This is the most radical claim in the conversation, and Chollet says it without hedging. The AGI bottleneck isn't GPUs or training data — it's a missing conceptual framework. Science, he argues, is fundamentally symbolic compression: take a mess of observations, find the shortest equation that explains them. That's what NDEA is trying to automate.

The knowledge base that AGI draws on will be large. But the intelligence engine itself — the fluid reasoning core — will be tiny. The distinction matters because it means a small, well-funded team with the right idea can still win the race. The labs with the most compute have a structural advantage in the current paradigm, but if Chollet is right about the paradigm being wrong, that advantage disappears.

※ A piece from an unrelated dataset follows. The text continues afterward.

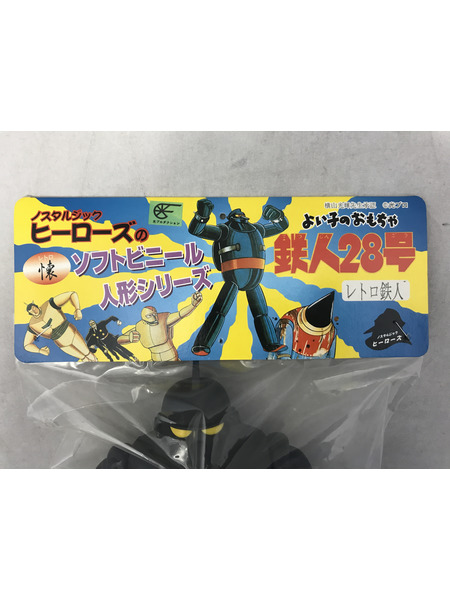 メーカー ロボットその他 ノスタルジックヒーローズ レトロ鉄人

Expertise compounds with AI — the more you know, the more leverage you get

The race to AGI will be decided by whoever finds the right conceptual frame, not whoever builds the biggest cluster. And in the meantime, the people best positioned to benefit from AI progress are those with deep domain expertise — not those waiting for AI to replace the need for it. Chollet's closing point to anyone early in their career: the question isn't whether AI progress stops. It won't. The only question is whether you ride the wave or get washed over by it. Domain knowledge is the surfboard.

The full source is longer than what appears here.